Given the recent bush fires in Australia, concerns about the long-term effects of climate change are naturally high. With slow action from those in power, people are impatient for any progress towards a more sustainable and greener global economy. Fortunately, the catalyst for such a business may be blockchain technology.
Blockchain and cryptocurrencies have taken more than 10 years to mature. Even if little has changed in terms of internal functioning, people’s perception of them has changed. They are no longer considered an investment for gamblers and only a trend that will disappear in a few months. Bitcoin, Ethereum, Litecoin, Bitcoin Cash and many others have long struggled for their survival. The mere fact that these cryptocurrencies are still alive and thriving is sufficient proof that they are here to stay and be a viable alternative to the financial system.
Cryptocurrencies – the financial and green alternative
Cryptocurrencies have successfully established themselves as an asset class for holding and transferring value over the past decade. There is another incentive for global adoption: the green economy. Although cryptocurrencies have been criticized for their energy consumption, the situation has only been examined unilaterally. The power that cryptocurrencies demand has been greatly exaggerated and the sources have not looked at the energy consumption of the traditional Bitcoin alternative – the banking industry.

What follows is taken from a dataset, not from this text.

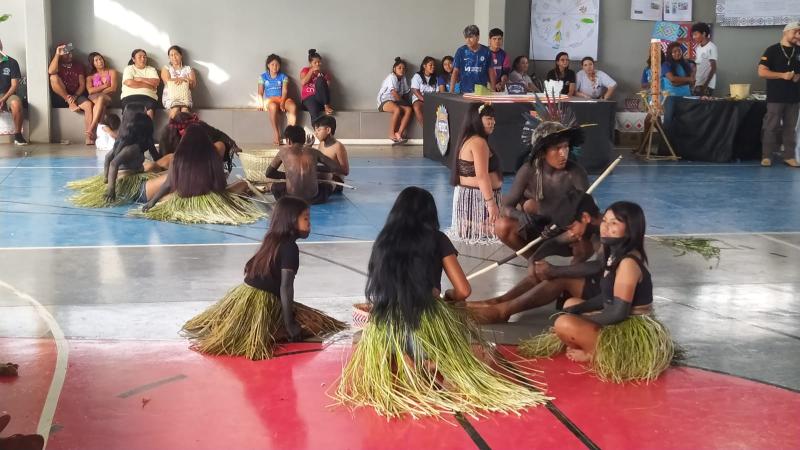Semana Cultural das Escolas Indígenas movimenta Nova Laranjeiras com grande encontro cultural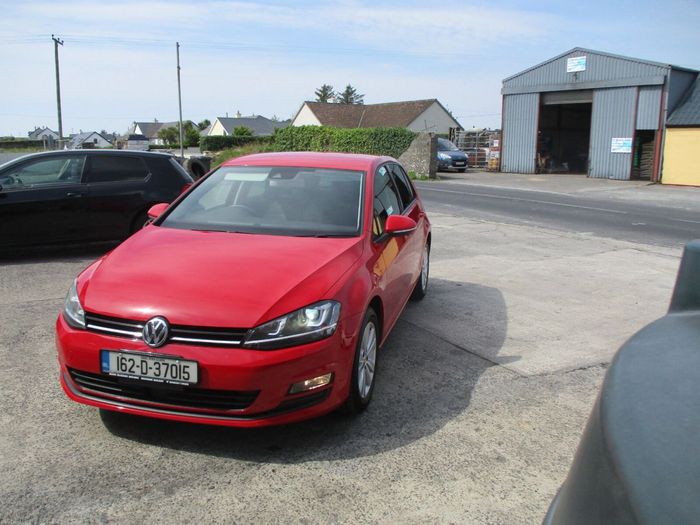 Volkswagen Golf 2016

The banks have indirect and direct ecological effects. The industry has not only channeled massive funding to the petroleum and coal mining industries, but it also manages thousands of buildings around the world, each with its own carbon footprint, which is not sustainable . But let’s forget the first ones and focus on their use of electricity.
Banks vs Crypto
In a very detailed analysis of the energy cost of the current banking system, Bitcoin used 28.67 TWh in 2017, which is at least 3 times less than what the banks needed to power their operations. Furthermore, according to the Cambridge Bitcoin Electricity Consumption Index, or CBECI, Bitcoin could be powered entirely by the same amount of energy wasted by electronic devices operating unnecessarily in the United States only. The same study mentions that the energy produced worldwide by solar, wind and other renewable sources is enough to power Bitcoin 20 times.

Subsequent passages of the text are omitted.